Towards a functioning retail health market: Evaluating the integrated Community Case Management Intervention for Pediatric Febrile Illness in Drug Shops in Rural South Western Uganda
- Location: Gunnesalen, Akademiska sjukhuset - Entrance 10, Uppsala
- Doctoral student: Kitutu, Freddy Eric
- About the dissertation
- Organiser: Internationell mödra- och barnhälsovård (IMCH)
- Contact person: Kitutu, Freddy Eric
This thesis examined the health systems effects of implementing the integrated Community Case Management (iCCM) intervention for paediatric febrile illnesses in a retail health market in South Western Uganda.
Objectives: This thesis examined the health systems effects of implementing the integrated Community Case Management (iCCM) intervention for paediatric febrile illnesses in a retail health market in South Western Uganda. More specifically, it evaluated drug seller interpretation of malaria Rapid Diagnostics Test (RDT) results (study I), adherence to iCCM guidelines (study II) and the intervention effect on households’ perceived quality of drug seller fever care and care-seeking choice. Study IV qualitatively analysed the iCCM intervention implementation and causal mechanisms for observed effects. Improved understanding of such retail health markets will inform policy decisions and interventions for Universal Health Coverage.
Methods: The study used mixed-methods design with an intervention and comparison arm, and pre-test assessment in both study arms.

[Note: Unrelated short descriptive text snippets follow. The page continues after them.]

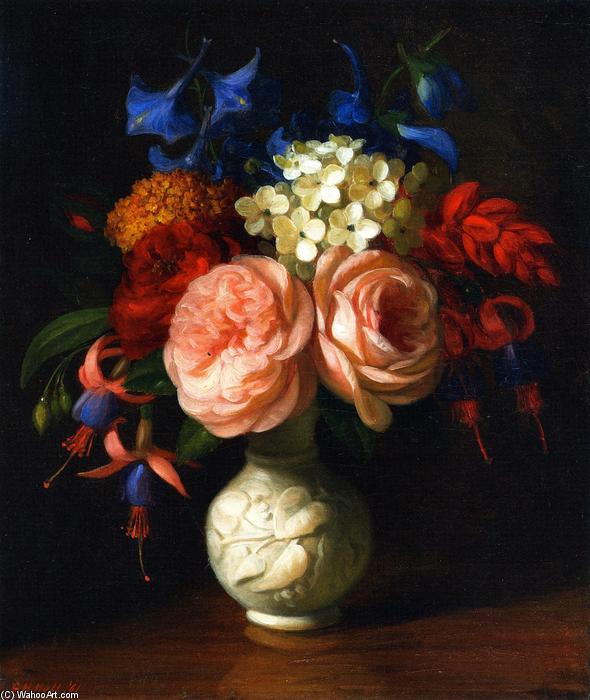 Wikioo.org - The Encyclopedia of Fine Arts - Painting, Artwork by George Henry Hall - Still LIfe with Flowers: Red Roses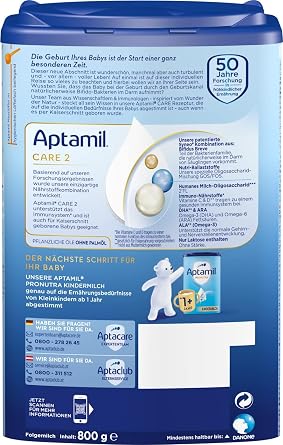 Aptamil Care 2 - حليب المتابعة بعد الشهر السادس مع أوميغا 3 و 6 DHA و ARA لا زيت النخيل بودرة حليب أغذية الأطفال 1 × 800 جم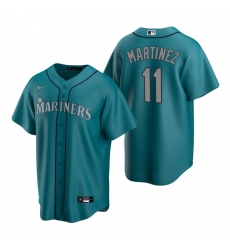 Men's Nike Seattle Mariners #11 Edgar Martinez Aqua Alternate Stitched Baseball Jersey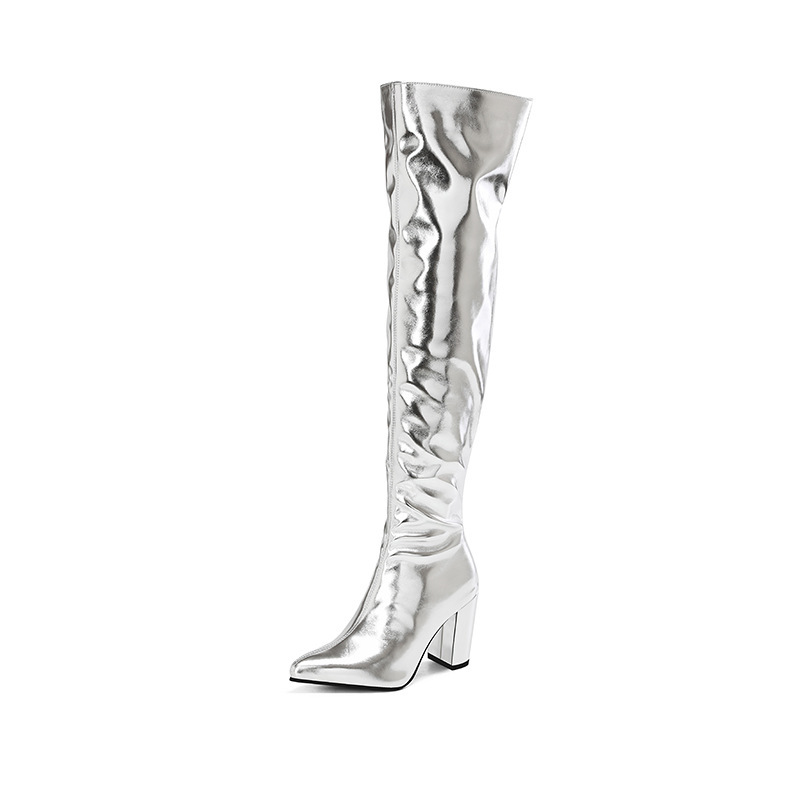 Shiny Gold Patent Leather Chunky-heeled Over-the-knee Boots foto 2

Data collection methods included care-seeker drug shop exit interviews and household surveys using structured questionnaires, focus group discussions, in-depth interviews, review of secondary data and a laboratory analysis of finger-prick capillary blood samples.

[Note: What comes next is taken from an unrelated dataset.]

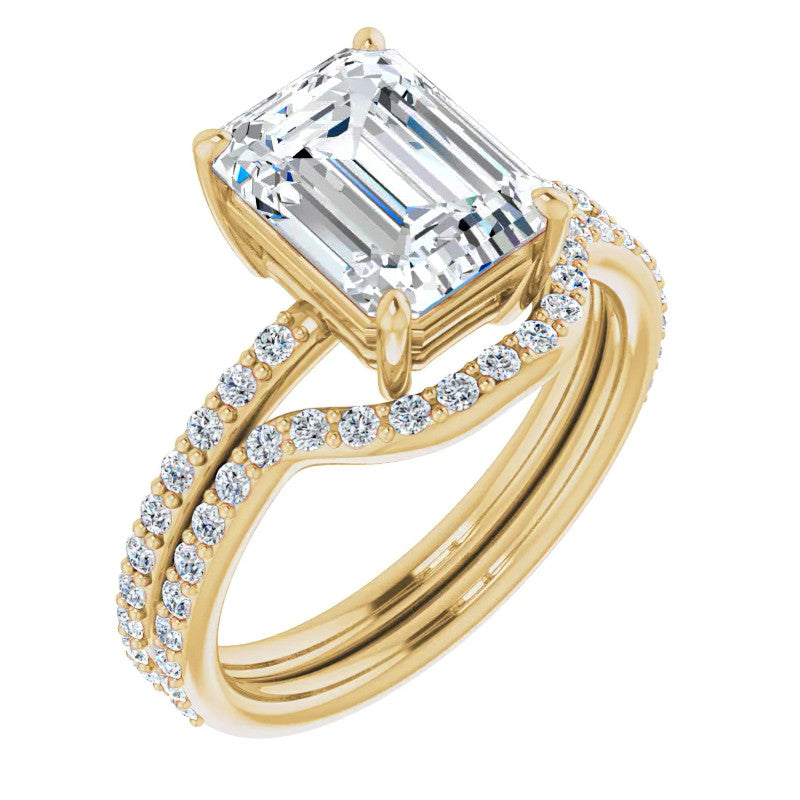 Emerald / Radiant Moissanite Petite Basket Engagement Ring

Results: Among those tested for malaria parasites, there was 93% (95% CI 88.3, 96.2) agreement between drug sellers and laboratory scientist re-reading and with a kappa value of 0.84 (95% CI 0.75, 0.92) (Study I). The drug seller compliance with the reported malaria RDT results was 92.5% (95% CI 87.9, 95.7) (Study I). The iCCM intervention improved appropriate treatment for uncomplicated malaria by 34.5% (95% CI 8.6, 60.4), for pneumonia symptoms by 54.7% (95% CI 28.4, 81.0) and reduced appropriate treatment for non-bloody diarrhoea -11.2% (95% CI -65.5, 43.1), after adjusting for extraneous variables (Study II). Implementing the iCCM intervention in drug shops decreased the odds of households perceiving drug seller fever care as good but increased the household odds of choosing to seek care from private health facilities versus within the community (Study III). Drug sellers operated in a retail market system influenced by knowledge and actions of care-seekers, CHWs, government health workers and regulators, and also how formal and informal rules and norms were applied (Study IV). Implementation of the iCCM intervention at drug shops was modified and shaped by the emerging actor perceptions and behaviours (Study IV).
Conclusions: This thesis demonstrates the implementation, causal mechanisms and contextual factors of the iCCM intervention in a rural retail health market. Fidelity and quality of iCCM intervention by drug sellers was acceptably high, probably as a result of co-interventions. Interventions in retail health markets should comprise of components that target the multiple actors or influences that shape that market. Multi-component health system interventions are complex to implement and also create complexity in their evaluation. When technologies are involved, their analysis should go beyond their substance as products and view them as items that encapsulate interests of different actors, some of which maybe converging with or competing against societal goals.